--- Instructions for the task ---
Each line in the material below, starting at the one that contains "Continental MTB Standard" and ending at the one that contains "2011 Jeep Wrangler", should be repeated exactly; the pictures should not.
[[ Data for processing, beginning ]]
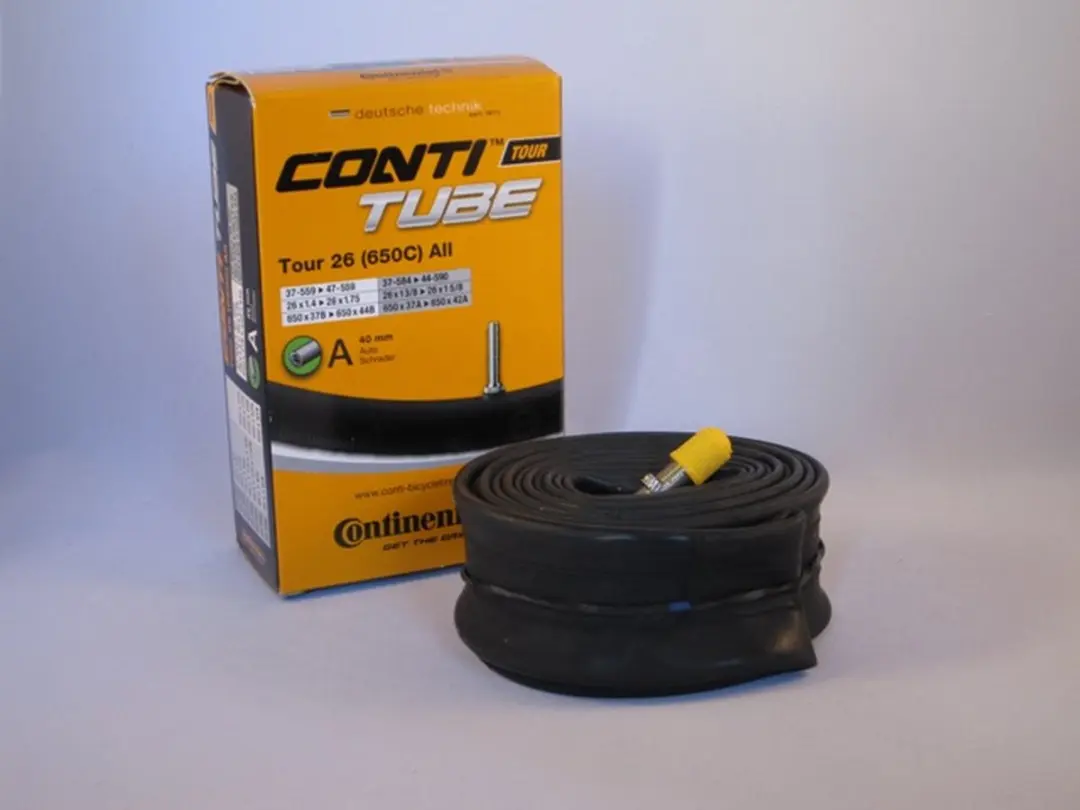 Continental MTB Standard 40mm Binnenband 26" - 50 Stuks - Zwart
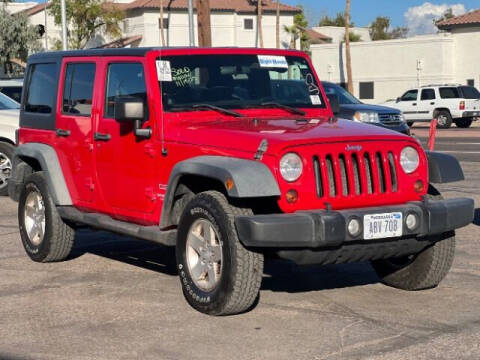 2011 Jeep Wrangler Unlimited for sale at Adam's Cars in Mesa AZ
[[ Data for processing, end ]]
[[ Data for processing, beginning ]]
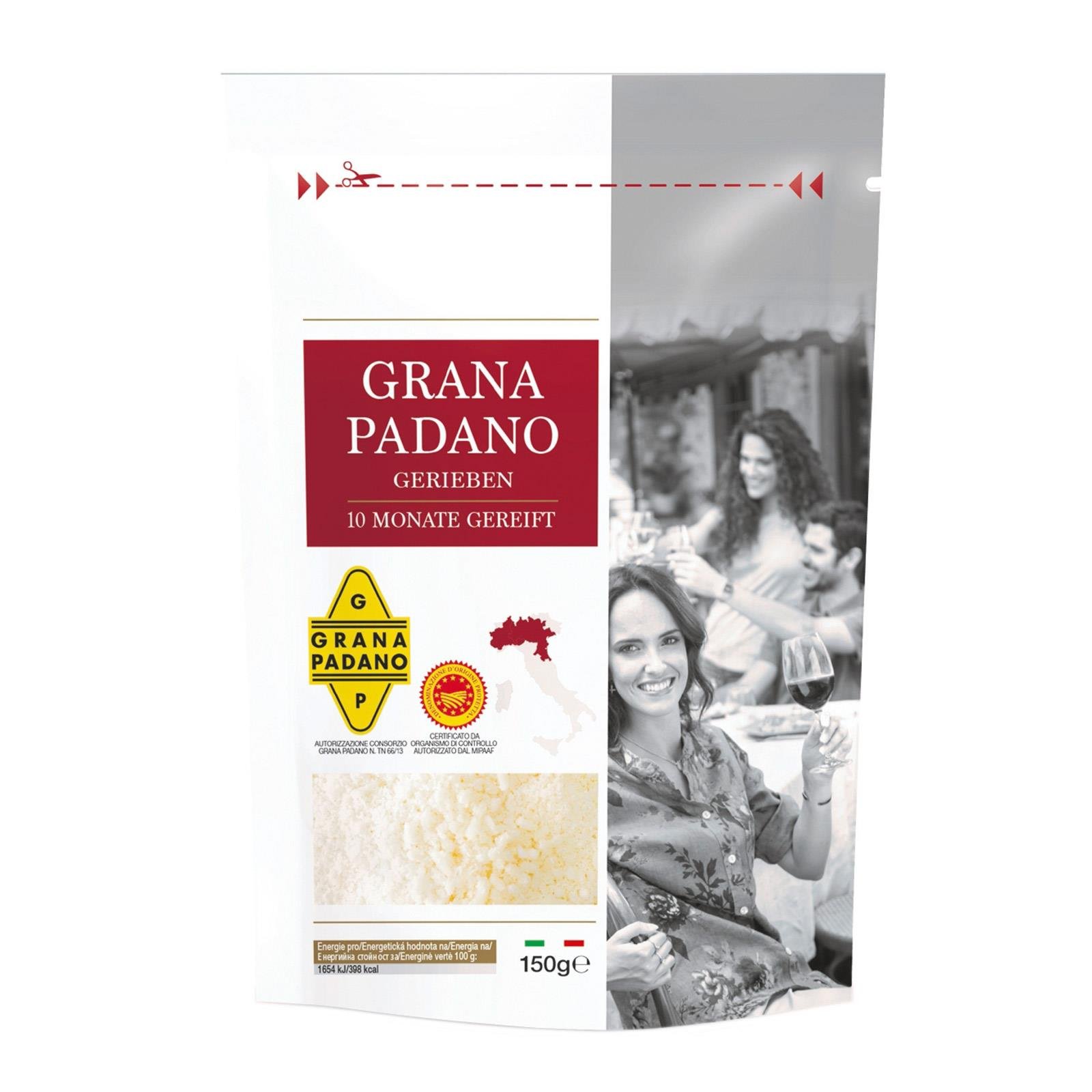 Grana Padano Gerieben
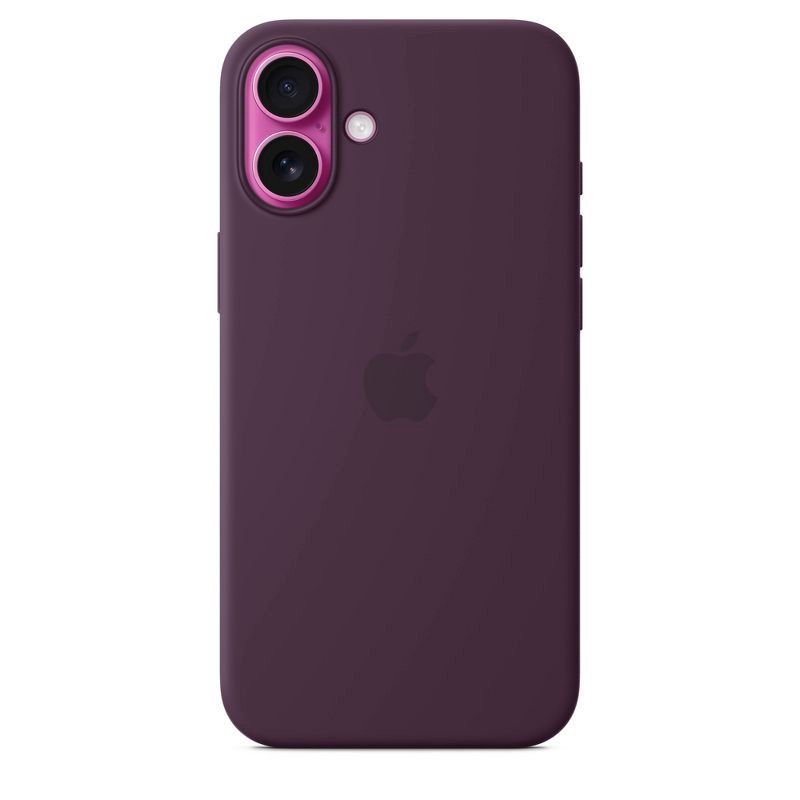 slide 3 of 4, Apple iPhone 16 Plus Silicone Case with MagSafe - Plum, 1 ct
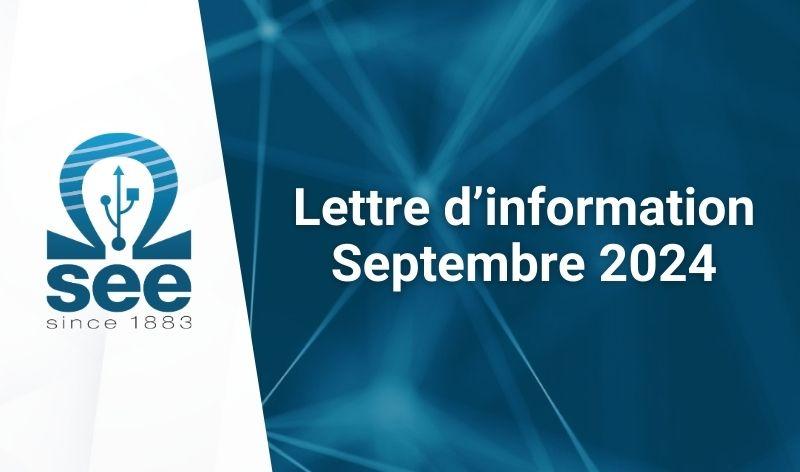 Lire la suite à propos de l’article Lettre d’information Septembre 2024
[[ Data for processing, end ]]
[[ Data for processing, beginning ]]
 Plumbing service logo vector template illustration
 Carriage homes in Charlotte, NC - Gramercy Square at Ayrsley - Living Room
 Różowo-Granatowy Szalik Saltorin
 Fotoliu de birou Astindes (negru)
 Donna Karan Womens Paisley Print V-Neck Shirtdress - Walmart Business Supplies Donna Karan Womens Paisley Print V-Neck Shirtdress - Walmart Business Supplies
[[ Data for processing, end ]]
--- Reply to the exercise ---
 Continental MTB Standard 40mm Binnenband 26" - 50 Stuks - Zwart
 2011 Jeep Wrangler Unlimited for sale at Adam's Cars in Mesa AZ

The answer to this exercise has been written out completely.